Description
When enabling bounded iterators, it seems Clang cannot optimize them out of a ranged-for loop. Here's a simple function that just sums over a span with a ranged-for loop, sum1
, as well as a corresponding hand-written iterator loop, sum2
.
https://godbolt.org/z/WqsPKdEoa
The left output, without _LIBCPP_ABI_BOUNDED_ITERATORS
has no runtime checks, and Clang is even able to vectorize the loop. The right output, with _LIBCPP_ABI_BOUNDED_ITERATORS
contains runtime checks with, in turn, impede the optimization.
Cause
I teased apart what __bounded_iter
was doing.

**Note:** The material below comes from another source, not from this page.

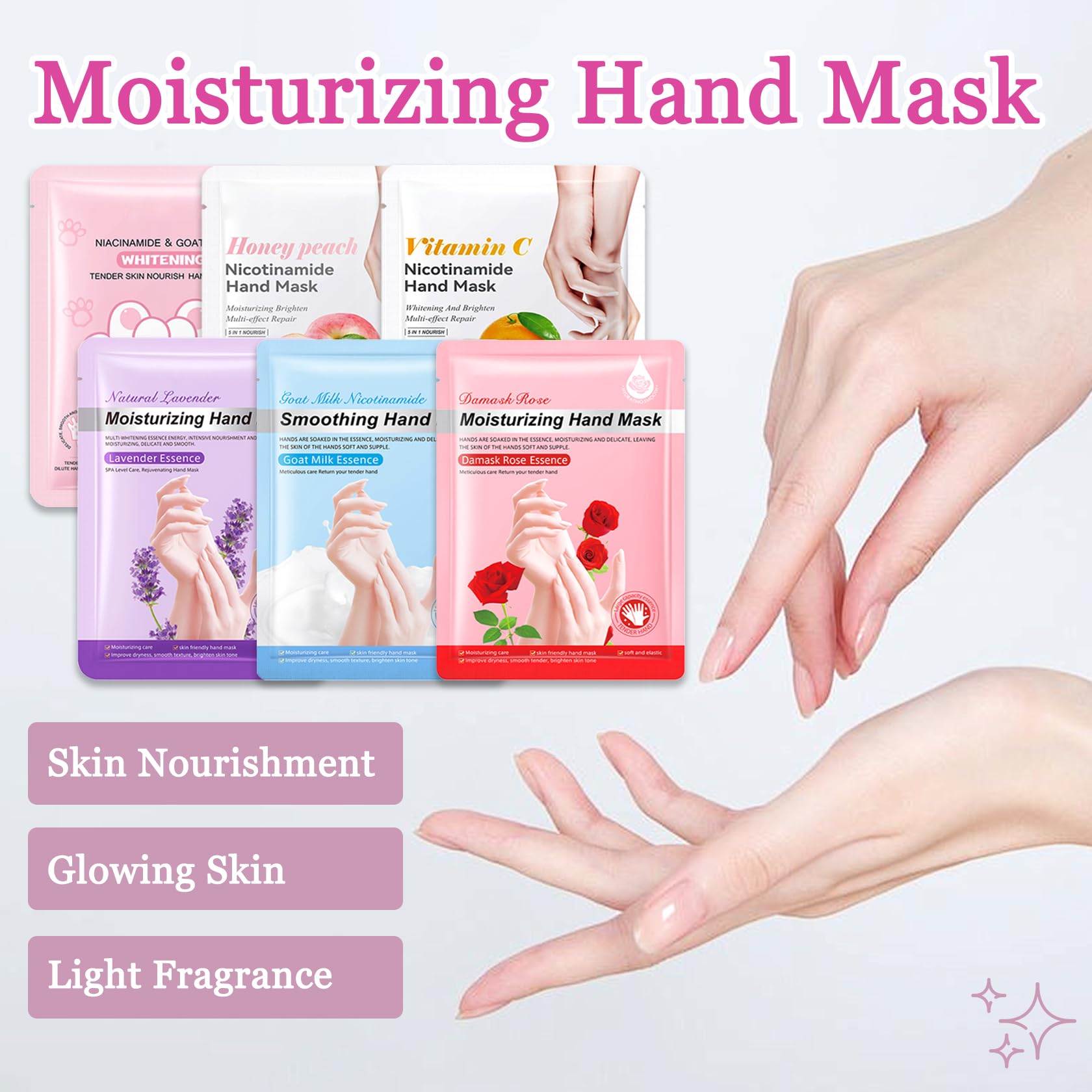 LingHaoLH glove serum close-up texture showing moisturizing gel benefit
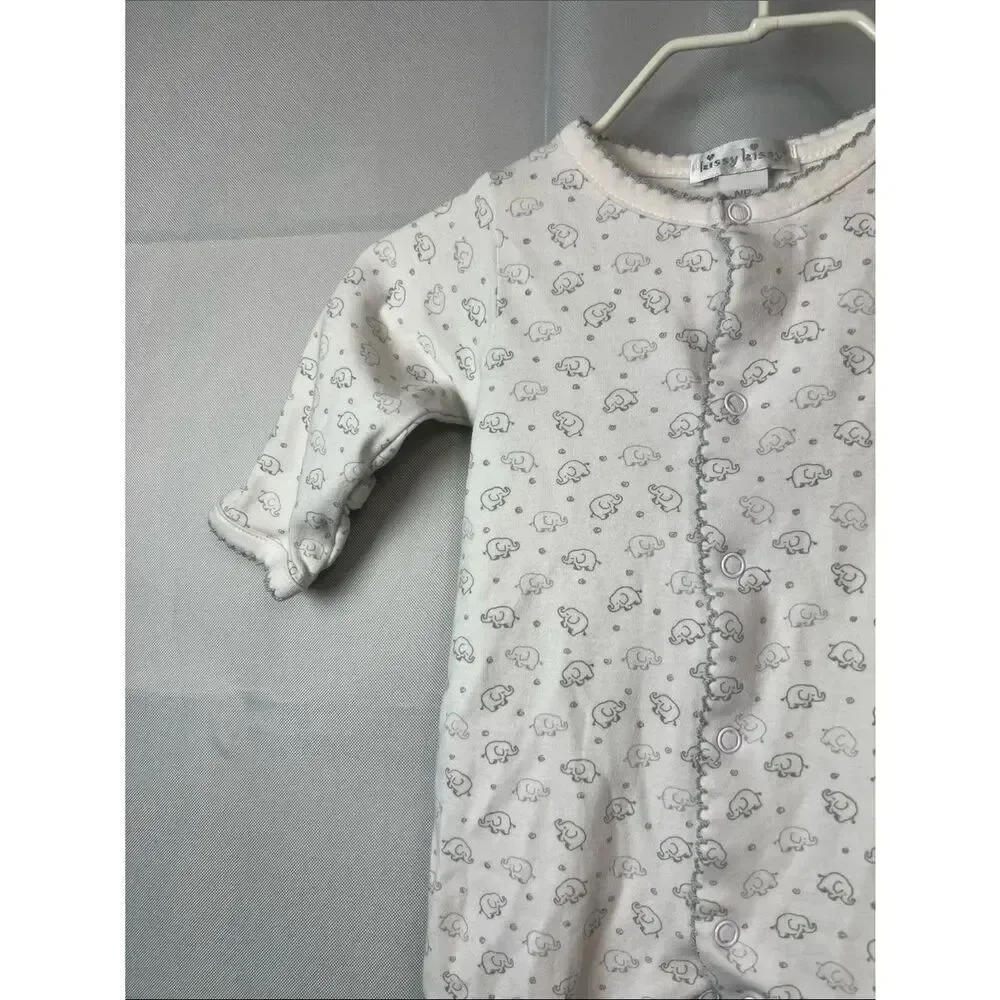Kissy Kissy Pima cotton baby elephant print footie Newborn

This is the assertion in question:
// Return whether the given iterator is in the bounds of this __bounded_iter.
_LIBCPP_HIDE_FROM_ABI _LIBCPP_CONSTEXPR bool __in_bounds(_Iterator const& __iter) const {
return __iter >= __begin_ && __iter < __end_;
}
I've extracted that into a minimal sum3
function (same godbolt link), and that seems to reveal the problem. While Clang can prove that iter >= begin
, it can't prove that iter < end
. I suspect this is because iterator loops look like iter != end
, not iter < end
. In order to prove that iter < end
, it must also know that begin <= end
. Otherwise it's possible that iter
was ahead of end
to start with.
Indeed, if I add that assertion to the top, in sum4
(same godbolt again), Clang pays for a different undesirable runtime check outside the loop, but then figures it out! So fixing #78784 may have further benefits, if the analysis is extended further.
Alternative fix
Another way Clang could have figured it out is if we used iter != end
instead of iter < end
for the safety assertion. That's actually what Chromium's checked iterator does. However, libc++ cannot do this because it doesn't check operator+
, etc., only operator*
. It is possible for __current_
to overflow well past __end_
before we do the check.
I think libc++ should bounds-check operator+
too. First, once __current_
has advanced past __end_
, we may have already hit undefined behavior because pointer arithmetic is locked to the allocation. So the check in operator*
may be too late anyway. Second, #78771 describes a place where libc++'s memmove
specialization breaks its own hardening checks! Since memmove
specialization is pretty valuable, I think it's best to fix #78771 by bounds-checking operator+
and making sure the specialization takes triggers it early enough.
Now, once operator+
is bounds-checked, __bounded_iter
can rely on __begin_ <= __current_ <= __end_
. That means the safety check need only be __current_ != __end_
, which should be more easily optimized out.
(CC @danakj)